Uno de ellos, de primer orden para el gobierno de Yamandú Orsi, y el de todos los países socios del Mercosur, apunta a Europa y al postergadísimo acuerdo de libre comercio con el viejo continente, que estaba a las puertas de cerrarse a fines del año pasado y que volvió a ponerse en pausa por reiterados reclamos de algunos de los socios de la Unión Europea (UE), en particular Francia e Italia —este último el Estado que, con su peso clave, pidió tiempo para lidiar con el reclamo de sus agricultores.
Esta noticia, que tiró por la borda las esperanzas de que el tratado fuera ratificado en la cumbre del Mercosur del pasado 20 de diciembre en Foz de Iguazú (Brasil), sigue igualmente esperándose en Sudamérica, aunque sin tener en agenda una fecha concreta —como ha dicho el canciller Mario Lubetkin—, ya que se espera, únicamente, por señales que vuelvan a llegar de parte de los europeos.
Y más aún tras lo ocurrido en la madrugada del sábado, y los subsiguientes mensajes que ha enviado Donald Trump en conferencias y sendas entrevistas, que han dejado al descubierto su política expansionista en la región, que igualmente ya estaba expresada en la Estrategia de Seguridad Nacional de la Casa Blanca, dada a conocer semanas atrás.
Que el escenario mundial cambió, y que la valoración geopolítica que puede hacerse sobre el eventual acuerdo entre el Mercosur y la Unión Europea es muy distinta ahora que antes del 3 de enero, es una conclusión a la que arribó el gobierno de Orsi, quien transmitió al presidente español Pedro Sánchez en una conversación telefónica que mantuvo este fin de semana que la oportunidad no podía ser más propicia.
Los movimientos que están habiendo en Europa y los esperados para esta semana, han generado a su vez cierto nivel de expectativas en el gobierno uruguayo y en la Cancillería.
“Hay varias reuniones previstas en Bruselas para mañana y el viernes”, dijo a El País una fuente del Poder Ejecutivo”. “Y allí sacaremos conclusiones sobre si se está avanzando o no”, agregó el informante.
Los pasos en Europa
El elemento más importante que explica el congelamiento actual de la posible asociación proviene de los reclamos de los sectores agroexportadores de la UE, y los voceros de este bloque han comunicado al Mercosur que estos días están abocados a encontrar soluciones a las demandas de los productores más allá de las aportadas en los últimos ajustes a los textos del futuro acuerdo.
Por lo pronto, tal como informó AFP, la UE ofreció este martes un incentivo a los agricultores descontentos.
Esto implicará que la Comisión Europea, que es el brazo ejecutivo del bloque, modifique su propuesta presupuestaria para el período 2028-2034 y permitir así a los agricultores acceder de manera anticipada a unos € 45.000 millones, de acuerdo a lo establecido en una carta firmada por su presidenta, Ursula von der Leyen.
Asimismo, la UE mencionó el lunes que esperaba firmar “pronto” este acuerdo, pese a las mencionadas resistencias, que serán abordadas este miércoles, de hecho, en una reunión entre ministros de Agricultura de los socios del bloque y la Comisión.
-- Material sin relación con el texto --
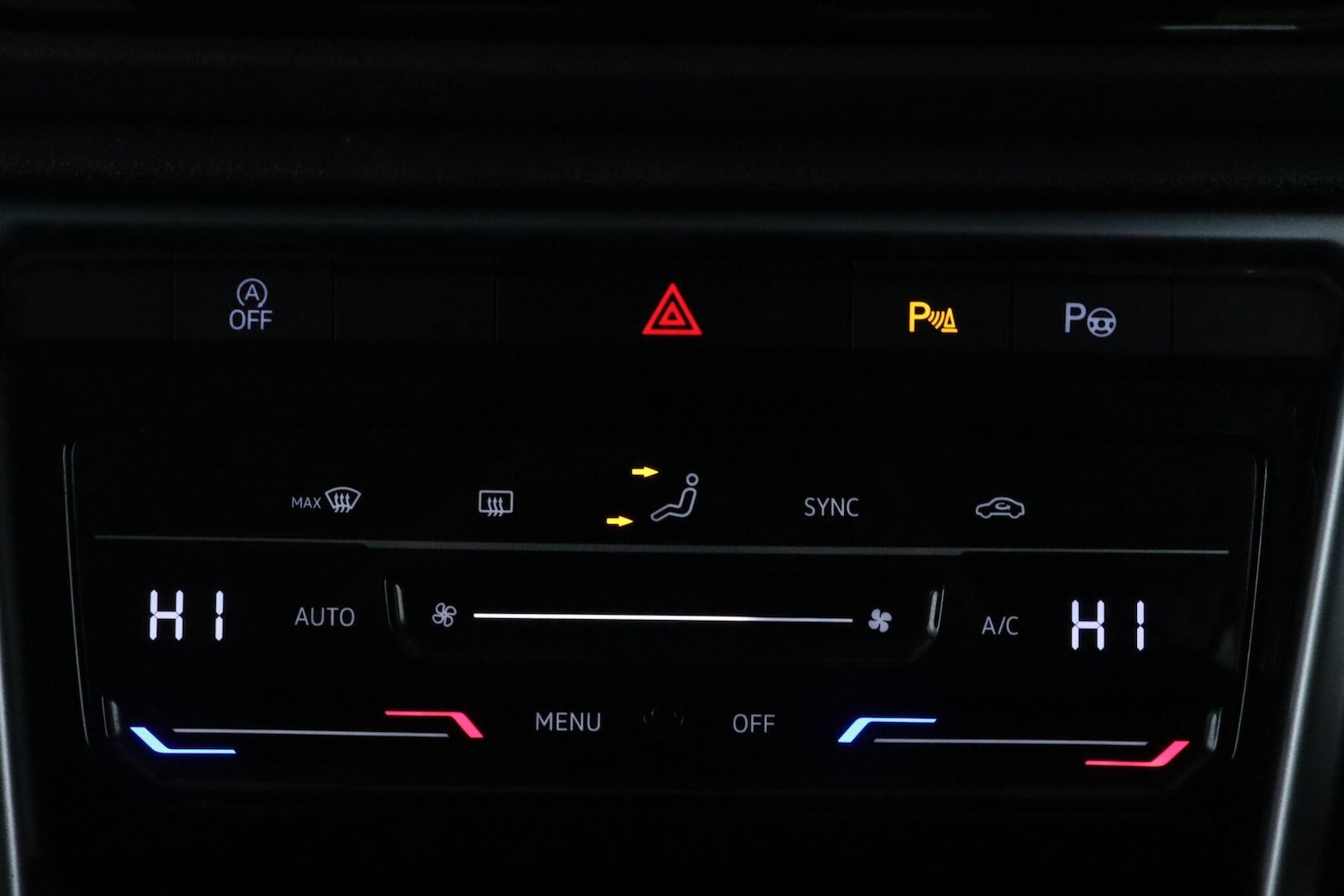 Used Volkswagen T-Roc 2023 for sale - 76270028: Photo 22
El viernes, en tanto, según informó El País de Madrid, se prevé que los Estados miembros de la UE voten los textos legales del acuerdo, una instancia interna que nada tiene que ver con el posterior proceso de validación que cada país deberá hacer en los meses subsiguientes.
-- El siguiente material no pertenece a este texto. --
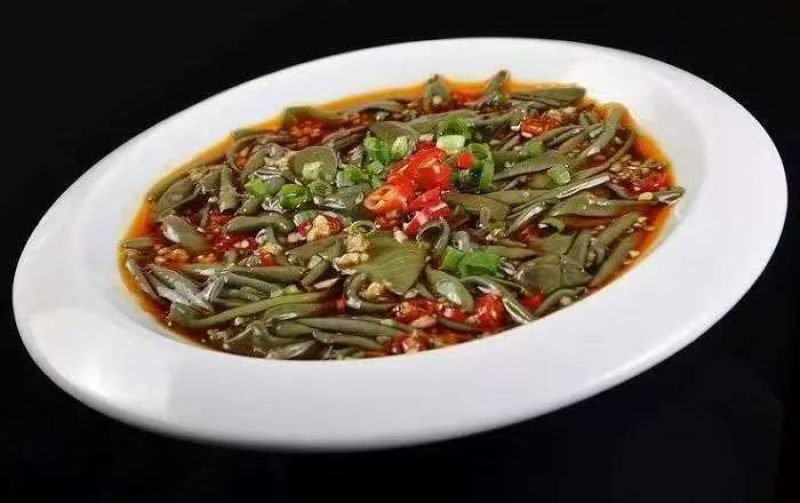 新鲜杀青莼菜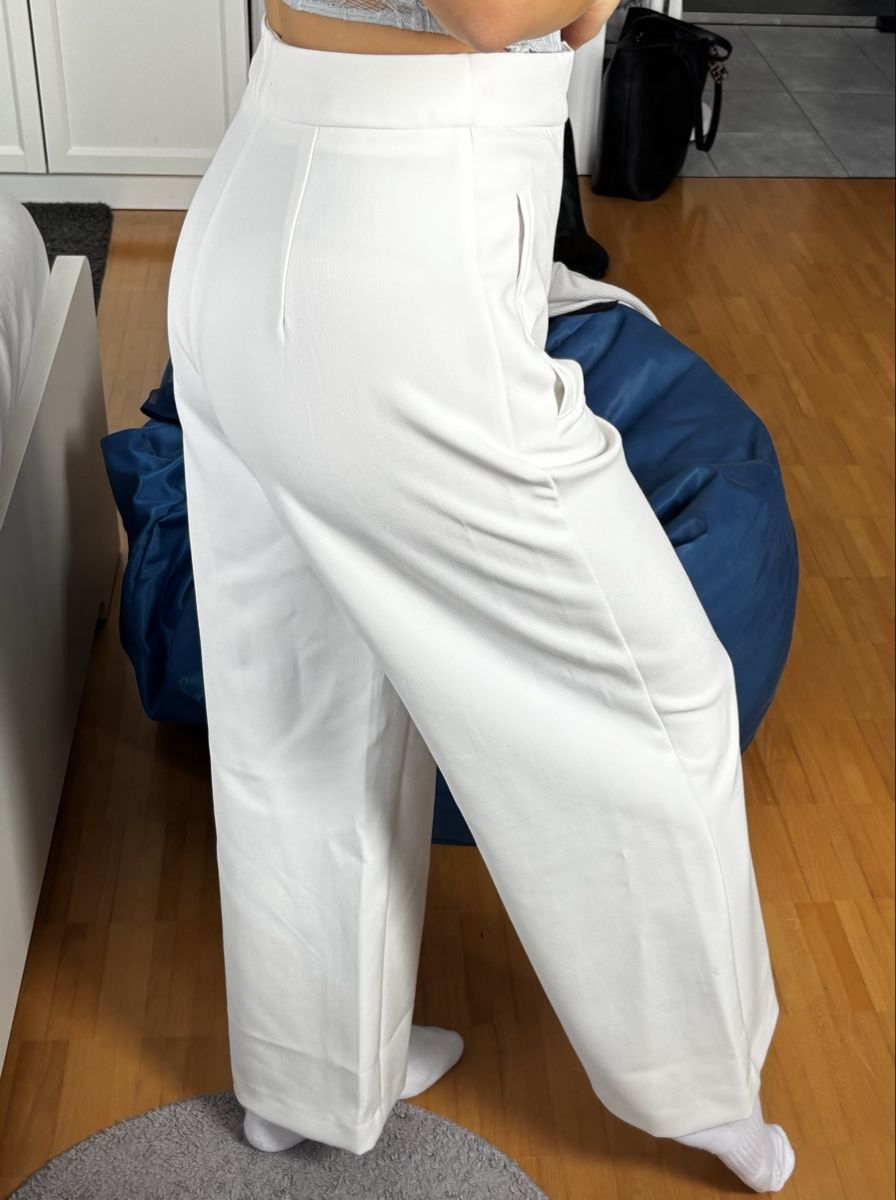 Stradivarius Pantaloni: Stoffhose weiss, XS – Nuovo (secondo la descrizione) da Basel venduto da Vaniiiy 2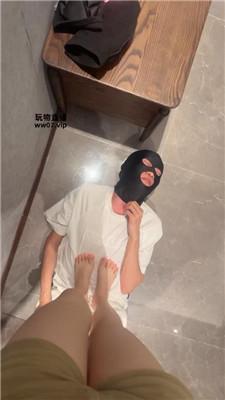 【猴歌】抽耳光-小白鞋白袜踩踏踢裆 bf52815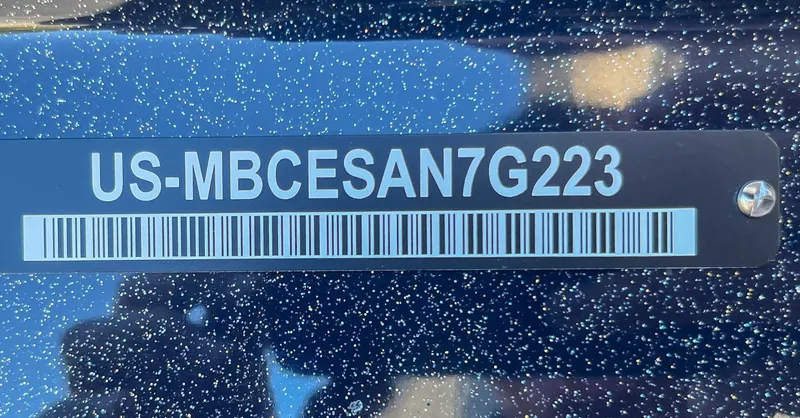 Slide: The Image of MasterCraft XT23 2023 - 23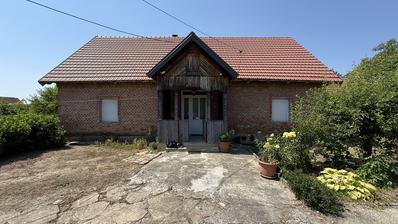 Brckovljani, Lupoglav, Hus på 100 m² på en grund på 4.127 m²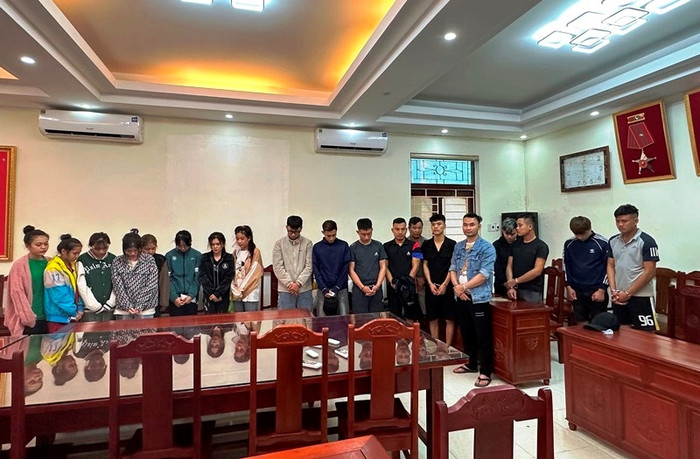  15 đối tượng tổ chức sử dụng ma túy và các tang vật được thu giữ.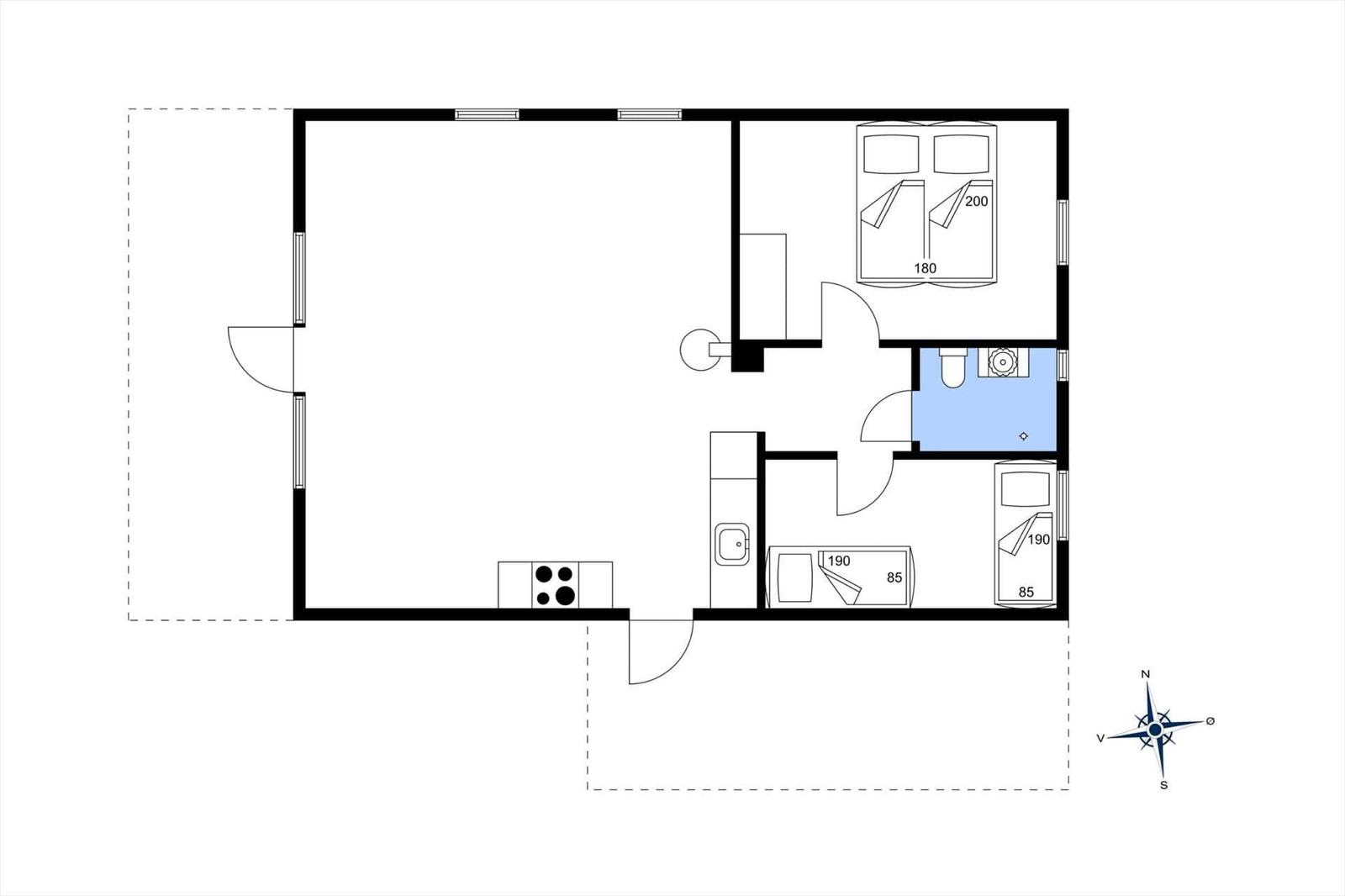 Wohnung mit Küche, Schlafzimmer und Bad. Flur mit Treppe.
Como sea, las señales que siguen llegando desde el otro lado del Atlántico buscan mostrarse alentadoras, aunque en los ámbitos diplomáticos, en donde en un primer momento reaccionar con sorpresa por la posibilidad certera de que todo quedara culminado el 20 de diciembre pasado, ahora analizan con escepticismo y reticencia que los europeos se decidan, ahora sí, a poner su firma.
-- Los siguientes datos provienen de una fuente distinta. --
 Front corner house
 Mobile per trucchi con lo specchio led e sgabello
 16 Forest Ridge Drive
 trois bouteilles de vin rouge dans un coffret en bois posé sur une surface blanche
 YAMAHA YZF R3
Por lo pronto, la portavoz de la Comisión Europea, Paula Pinho, evitó confirmar que siga estando arriba de la mesa la fecha del 12 de enero como el mojón para rubricar el acuerdo , aunque de todos modos aseguró que el bloque iba por “buen camino”. "No tengo una fecha para confirmar, ninguna fecha concreta, pero puedo confirmar que estamos en el camino correcto para poder considerar una firma, con suerte, pronto”, subrayó la portuguesa.